On 14 August 2012 11:07, Fons Adriaensen <fons@linuxaudio.org> wrote:
On Tue, Aug 14, 2012 at 10:55:02AM -0400, Baho Utot wrote:
after switching to it I prefer it because I just find it a lot easier to deal with than sysvinit IMO. For example I find systemd's .service files so much cleaner and easier to understand than initscripts, they are also portable and can be included in upstream packages.
This "Oh my god systemd is hard and I'm being forced to use it!" FUD I keep seeing is getting pretty ridiculous... Even if arch does someday switch to systemd, I'm sure initscripts will be supported for quite some time, giving plenty of time to learn/transition (again really not that hard) in the event that that ever happened.
Arch has always been a bleeding edge constantly changing distro, if you want everything to stay the same forever, use debian. No matter what happens with this whole sysvinit vs systemd kerfuffle, you will never be "forced" to use systemd in arch, just like you've never been forced to use sysvinit...
I don't think you fully understand the issue.
If udev was still a "stand alone package" and not part of systemd as it is now.... Then systemd would be an alternative init system and all the other init systems would not be impacted and one could use any of the system init methods he chooses. If you would want systemd becames it works for you great...knock yourself out...but on the other hand when this thing becomes fully matured then systemd will be the only one that works well with udev and everyone else be damned.
Lennart Poettering by his own submission stated that he wanted udev as part of systemd and that he doesn't care about any other init system that would use udev. As with Lennart it seems as it's my way or the highway...which indeed is the problem.
I agree. It's not systemd being 'hard' that scares most people who object to it - that is a misrepresantatio. In fact I'm pretty sure systemd is easier to use and configure than initscripts.

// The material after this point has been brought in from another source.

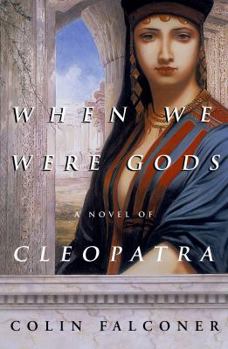 Hardcover When We Were Gods: A Novel of Cleopatra Book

BTW has anyone looked at upstart ? The current AUR package is out of date (and I'm looking at some deadlines so this is not the time for experiments), but it has excellent documentation <http://upstart.ubuntu.com/cookbook/>, much better than anything I've seem for systemd so far, and after spending some time reading the above reference I must say I like it. At least it doesn't have that ugly and infantile syntax and it looks like was designed by programmers instead of by a kid.
That is because it was. It was designed and planned before writing, it is backwards compatible, it has very good documentation and unit testing. I approve of upstart as a project even though I do not use it.